Never having been to San Diego before, I’d heard stories about just how incredible a place it is to visit. I pretty quickly figured out what all the fuss was about. Walking through Little Italy and Coronado Island, I found myself looking around and wondering what it would be like to live in a place where the average daily temperature hovers around 75 degrees (more importantly, where the average daily humidity hovers around zero) with miles of pristine Pacific beaches at my disposal.
And almost as quickly as those thoughts popped into my mind, I remembered something my old boss, Gov. Perry, used to say when talking about California’s economic policies.
“How badly do you have to screw this place up to make people want to leave?”

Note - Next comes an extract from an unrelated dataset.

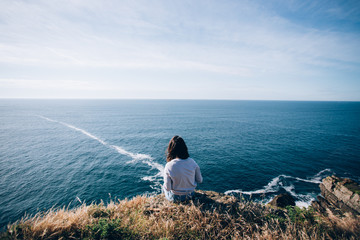 Young woman with dark hair sits on edge of cliff, dreamingly overlooks ocean waves and horizon,...
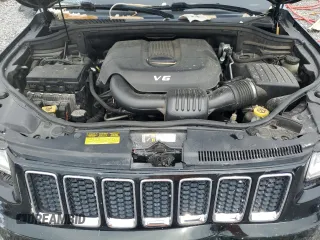 2015 Jeep Grand Cherokee Overland с VIN 1C4RJECG9FC620315, выставлен на аукционе Copart как лот 54569845 с пробегом 219 905 миль миль и Списание • Salvage title. История ставок и продаж доступна на DreamBid. Изображение 12.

Pretty badly, it turns out.
According to the Dallas Business Journal, “a record number of companies are leaving California for states with a better business climate, and a new report shows that Texas remains their No. 1 destination.”
The article quotes Joseph Vranich, president of Spectrum Location Solutions, who looked at the number of relocations from California to Texas in 2016 (the most recent year available).
“The study estimates that 1,800 relocation or ‘disinvestment events’ occurred in 2016… setting a record yearly high going back to 2008. About 13,000 companies left the state during that nine-year period. Of the 1,800 events, 299 of those departures landed in Texas.”
That’s pretty incredible when you consider, as Vranich says, that moving jobs, homes and families is a major undertaking for most Americans.
“’A lot of people don’t want to be more than one hour from other members of their family they might be leaving behind, or their good friends or their favorite country club—whatever it is… For Texas to do as well as it does attracting California companies is really remarkable in and of itself.’”
Aside from the tax and regulatory policies that make living and running a business in California difficult, one of Vranich’s observations will strike a chord with anyone interested in Texas’ legal system.
“The top reason to leave California is no longer high taxes, although that still ranks highly, Vranich said.
‘The legal climate has become so difficult that companies should consider locating in jurisdictions where they will be treated fairly,’ he said.”
Can you imagine living in a state whose legal system is so unfair, your livelihood depended on leaving?
Texas has been there, done that. Once known as the Wild West of Litigation, it was a place job creators avoided because of the risks and costs of being sued.
There’s a reason for the old saying, “Gone to Texas.” Let’s work to keep it that way.